El hombre de la máscara de hierro

—¿Qué diablos ha sido de ellos? —se preguntaron unos y otros.

Y cada uno llamó a su respectivo perro por su nombre y lanzó su silbido favorito; pero ninguno respondió al silbido ni al llamamiento.

—Puede que sea una gruta encantada —dijo Biscarrat. Y apeándose y adelantándose un paso hacia el subterráneo añadió—: Veamos.

—Aguárdate: te acompaño —repuso uno de los guardias al ver que Biscarrat iba a desaparecer en las tinieblas.

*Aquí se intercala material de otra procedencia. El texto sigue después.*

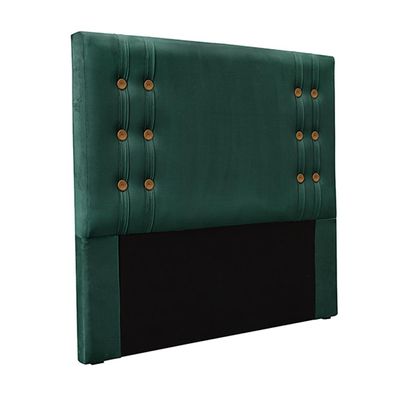 Cabeceira Decorativa Casal 1,40M Kors Veludo Verde Floresta - Gran Belo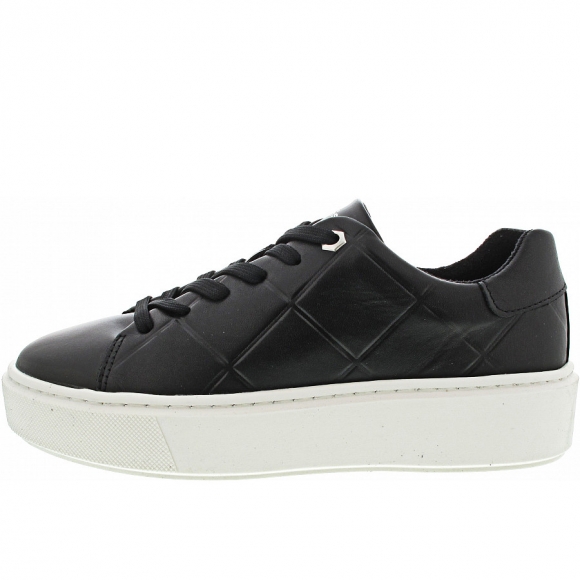 Tamaris Sneaker low in BLACK LEATHER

—No —replicó Biscarrat—. No nos arriesguemos todos a la vez. Aquí ha pasado algo extraordinario. Si dentro de diez minutos no he vuelto, entrad juntos.

—Bien, te aguardamos —dijeron los guardias.

Y, sin apearse, formaron un círculo alrededor de la gruta.

Biscarrat entró, pues, solo; se adelantó en medio de la negrura hasta tocar con el pecho el mosquete de Porthos, y al tender la mano para saber lo que le oponía aquella resistencia, tomó el frío cañón del arma. Al mismo instante Ibo blandió su cuchillo, que iba a descargar sobre el joven con toda la fuerza de un brazo bretón, cuando el férreo puño de Porthos le detuvo a la mitad del camino.

—¡No quiero que le maten! —exclamó Porthos con voz de trueno.